EU non-bank lender proposals are credit-positive but add costs
The credit quality of lending-focused EU non-bank financial institutions (NBFIs) could be strengthened by increased supervision to address non-bank lending risks, particularly from digital lending by companies new to the market, Fitch Ratings says.
Proposals made by the European Banking Authority would, if implemented, harmonise prudential requirements and supervision for non-bank lending, forcing big tech and fintech lenders to operate to the same regulatory standards as traditional NBFIs.
However, the extra supervision could add to NBFIs’ costs, reducing their cost advantage over banks and potentially increasing the attractiveness of obtaining a banking licence.
The proposals were in response to the European Commission’s call for technical advice following the publication of its digital finance strategy for the EU in September 2020. The proposals aim to improve the supervision of non-bank lenders to mitigate macro- and micro-prudential risks, and to strengthen consumer protection and anti-money laundering rules.
In particular, the proposals aim to harmonise prudential supervision, which is currently fragmented across the EU. For example, supervision in Denmark is mostly limited to licensing, financial reporting and adherence to the Consumer Credit Directive (CDD), while supervision in France, Norway and Spain is more akin to quasi bank-like regulation.
A more harmonised approach could clarify how non-bank consumer lenders with pan-European digital lending channels are supervised. These often operate in several countries, reflecting the limited non-prime consumer lending opportunities in some of their home markets and the relatively low cost of entering new markets with online lending.
The proposals include harmonising and strengthening the authorisation requirements in the CCD and Mortgage Credit Directive, and clarifying the prudential consolidation rules and duties of home and host regulators for cross-border lending. This should support cross-border lending growth and strengthen non-bank lenders’ credit profiles through improved reporting and adherence to compliance requirements.
Similarly, the proposal to widen the scope of the CCD to include buy-now-pay-later loans, crowdfunding and credit provided by pawnshops should help level the playing field by consistently applying the ‘same activity, same risk, same rule’ principle.
Traditional non-bank lenders’ competitive position should improve relative to new entrants if more recent business models, such as peer-to-peer and marketplace lenders, big tech lenders and buy-now-pay-later platforms, are subjected to the same, or similar, prudential requirements. Peer-to-peer and marketplace lenders are not currently subject to CCD requirements in France, for instance.
However, even if the proposals are fully adopted, we expect the practical implementation at national level to vary widely.

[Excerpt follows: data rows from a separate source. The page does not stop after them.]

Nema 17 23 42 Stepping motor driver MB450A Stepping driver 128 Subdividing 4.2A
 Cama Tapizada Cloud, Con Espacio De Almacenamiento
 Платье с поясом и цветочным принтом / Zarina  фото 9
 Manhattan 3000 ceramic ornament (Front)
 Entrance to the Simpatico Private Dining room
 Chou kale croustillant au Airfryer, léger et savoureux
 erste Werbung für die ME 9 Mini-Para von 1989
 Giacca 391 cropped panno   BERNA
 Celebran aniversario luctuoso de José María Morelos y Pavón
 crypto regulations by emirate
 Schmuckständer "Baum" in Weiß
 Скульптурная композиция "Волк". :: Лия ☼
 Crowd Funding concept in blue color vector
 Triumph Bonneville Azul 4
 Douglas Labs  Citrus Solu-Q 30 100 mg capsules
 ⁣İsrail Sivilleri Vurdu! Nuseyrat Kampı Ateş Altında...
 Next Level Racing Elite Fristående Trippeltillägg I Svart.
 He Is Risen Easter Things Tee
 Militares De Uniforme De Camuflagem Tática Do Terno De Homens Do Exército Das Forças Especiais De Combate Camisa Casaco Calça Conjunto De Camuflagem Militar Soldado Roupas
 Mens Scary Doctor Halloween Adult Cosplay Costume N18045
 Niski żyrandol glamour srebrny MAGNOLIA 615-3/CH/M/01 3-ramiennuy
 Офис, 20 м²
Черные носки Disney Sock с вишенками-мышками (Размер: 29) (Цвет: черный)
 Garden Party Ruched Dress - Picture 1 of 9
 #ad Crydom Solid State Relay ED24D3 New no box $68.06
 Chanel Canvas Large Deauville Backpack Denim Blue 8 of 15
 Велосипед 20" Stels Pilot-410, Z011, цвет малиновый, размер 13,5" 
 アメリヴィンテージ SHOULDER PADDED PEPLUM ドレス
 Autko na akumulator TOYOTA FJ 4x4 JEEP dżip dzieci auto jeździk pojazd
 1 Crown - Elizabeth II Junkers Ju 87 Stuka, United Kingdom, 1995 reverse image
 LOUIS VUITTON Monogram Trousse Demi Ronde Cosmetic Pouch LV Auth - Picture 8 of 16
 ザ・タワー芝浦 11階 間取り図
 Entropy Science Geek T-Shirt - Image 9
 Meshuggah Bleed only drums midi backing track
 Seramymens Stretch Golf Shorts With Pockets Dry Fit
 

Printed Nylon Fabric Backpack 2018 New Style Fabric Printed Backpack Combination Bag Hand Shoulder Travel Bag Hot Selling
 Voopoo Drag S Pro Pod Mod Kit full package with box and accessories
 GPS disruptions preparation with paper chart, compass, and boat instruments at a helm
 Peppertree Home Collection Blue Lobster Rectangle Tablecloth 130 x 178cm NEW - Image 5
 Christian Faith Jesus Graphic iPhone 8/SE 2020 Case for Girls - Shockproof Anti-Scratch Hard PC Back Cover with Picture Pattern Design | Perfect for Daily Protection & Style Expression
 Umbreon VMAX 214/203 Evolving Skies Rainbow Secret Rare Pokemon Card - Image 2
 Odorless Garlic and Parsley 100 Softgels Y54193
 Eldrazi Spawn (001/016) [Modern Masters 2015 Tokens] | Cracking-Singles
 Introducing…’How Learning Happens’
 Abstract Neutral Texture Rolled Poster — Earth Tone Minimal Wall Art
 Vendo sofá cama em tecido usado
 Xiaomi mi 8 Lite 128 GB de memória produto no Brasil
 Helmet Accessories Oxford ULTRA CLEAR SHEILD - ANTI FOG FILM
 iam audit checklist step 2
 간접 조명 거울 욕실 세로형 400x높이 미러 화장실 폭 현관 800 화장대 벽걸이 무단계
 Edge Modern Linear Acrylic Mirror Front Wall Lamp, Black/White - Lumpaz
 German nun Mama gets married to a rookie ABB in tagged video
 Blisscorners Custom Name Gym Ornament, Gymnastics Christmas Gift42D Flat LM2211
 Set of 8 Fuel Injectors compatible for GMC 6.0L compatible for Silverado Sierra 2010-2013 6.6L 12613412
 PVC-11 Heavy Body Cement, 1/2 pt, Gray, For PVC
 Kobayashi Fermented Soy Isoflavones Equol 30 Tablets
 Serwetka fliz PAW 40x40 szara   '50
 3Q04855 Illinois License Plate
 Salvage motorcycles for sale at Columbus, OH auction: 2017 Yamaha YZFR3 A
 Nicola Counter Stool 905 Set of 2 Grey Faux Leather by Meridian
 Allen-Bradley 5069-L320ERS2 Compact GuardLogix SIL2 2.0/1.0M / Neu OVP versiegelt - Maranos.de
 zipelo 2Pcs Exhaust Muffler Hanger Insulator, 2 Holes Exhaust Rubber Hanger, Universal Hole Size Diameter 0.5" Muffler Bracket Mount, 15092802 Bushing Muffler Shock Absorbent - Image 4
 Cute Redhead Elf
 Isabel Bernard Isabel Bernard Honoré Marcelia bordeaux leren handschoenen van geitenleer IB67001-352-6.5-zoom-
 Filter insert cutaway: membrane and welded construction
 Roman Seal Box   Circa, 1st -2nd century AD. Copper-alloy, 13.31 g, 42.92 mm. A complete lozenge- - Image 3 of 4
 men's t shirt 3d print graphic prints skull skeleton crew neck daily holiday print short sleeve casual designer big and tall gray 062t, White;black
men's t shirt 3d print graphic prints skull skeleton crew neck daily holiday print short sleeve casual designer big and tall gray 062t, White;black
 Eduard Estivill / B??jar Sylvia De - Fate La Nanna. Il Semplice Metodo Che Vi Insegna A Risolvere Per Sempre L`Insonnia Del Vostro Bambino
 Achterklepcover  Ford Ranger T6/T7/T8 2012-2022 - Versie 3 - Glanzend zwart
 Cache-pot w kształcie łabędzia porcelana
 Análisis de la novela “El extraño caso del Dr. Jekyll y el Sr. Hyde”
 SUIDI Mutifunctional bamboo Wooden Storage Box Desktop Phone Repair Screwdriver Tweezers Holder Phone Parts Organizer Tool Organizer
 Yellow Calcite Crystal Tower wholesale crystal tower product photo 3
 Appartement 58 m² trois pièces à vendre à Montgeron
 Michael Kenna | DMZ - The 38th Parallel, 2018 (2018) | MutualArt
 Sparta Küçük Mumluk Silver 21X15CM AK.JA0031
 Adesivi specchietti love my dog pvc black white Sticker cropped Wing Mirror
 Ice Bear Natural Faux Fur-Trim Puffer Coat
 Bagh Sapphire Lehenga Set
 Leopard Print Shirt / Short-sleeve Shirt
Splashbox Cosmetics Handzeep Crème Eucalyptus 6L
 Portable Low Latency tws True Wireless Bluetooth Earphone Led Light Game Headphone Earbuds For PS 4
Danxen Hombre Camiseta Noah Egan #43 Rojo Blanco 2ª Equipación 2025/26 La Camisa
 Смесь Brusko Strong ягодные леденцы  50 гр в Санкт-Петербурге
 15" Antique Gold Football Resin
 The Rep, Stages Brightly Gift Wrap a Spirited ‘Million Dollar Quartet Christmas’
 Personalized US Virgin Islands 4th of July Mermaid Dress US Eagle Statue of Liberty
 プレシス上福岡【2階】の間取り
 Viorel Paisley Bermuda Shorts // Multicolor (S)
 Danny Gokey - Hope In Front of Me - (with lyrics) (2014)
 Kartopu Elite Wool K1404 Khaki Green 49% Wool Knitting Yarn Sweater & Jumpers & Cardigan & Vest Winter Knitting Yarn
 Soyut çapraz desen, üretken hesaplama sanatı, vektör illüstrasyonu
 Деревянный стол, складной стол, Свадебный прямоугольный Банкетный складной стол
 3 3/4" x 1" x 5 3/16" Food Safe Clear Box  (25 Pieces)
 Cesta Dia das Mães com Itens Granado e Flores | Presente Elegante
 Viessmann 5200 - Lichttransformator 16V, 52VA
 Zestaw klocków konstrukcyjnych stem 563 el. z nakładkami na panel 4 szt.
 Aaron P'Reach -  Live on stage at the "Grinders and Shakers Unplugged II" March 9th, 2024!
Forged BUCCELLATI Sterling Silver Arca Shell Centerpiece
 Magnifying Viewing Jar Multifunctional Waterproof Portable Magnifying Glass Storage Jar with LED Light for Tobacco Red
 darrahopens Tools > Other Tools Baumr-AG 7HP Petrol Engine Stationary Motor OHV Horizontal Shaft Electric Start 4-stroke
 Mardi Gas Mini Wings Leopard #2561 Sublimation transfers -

In particular, directives concerning consumer protection and provisions relating to out-of-court or in-court settlements would need national legislation to take legal effect.
Some of the proposals could have meaningful cost implications for non-bank lenders, notably the proposal to strengthen the ‘requirements for creditworthiness assessment’ and the potential introduction of a ‘minimum harmonisation framework’ for non-bank lenders.
An enhanced creditworthiness assessment could increase costs by 0.5% of outstanding credits for non-bank lenders, compared with 0.1% for banks, according to a CCD impact study by the European Commission in 2021. The study also concluded that the enhanced creditworthiness assessment could lead non-bank lenders to lower interest rates for borrowers by 3%, compared with a 1% reduction by banks.
Many firms will have to weigh up the pros and cons of operating as non-bank lenders, if the proposals go ahead. The existing advantages include lower regulatory costs and less stringent, or no prudential capital requirements, while the main disadvantage is not having access to deposit funding.
If the proposals go ahead, a tightening of regulatory requirements that leads to a material increase in operating expense bases could lead some issuers to apply for a banking licence. Rising interest rates and inconsistent access to capital markets for many sub-investment grade issuers could also act as incentives to take this course.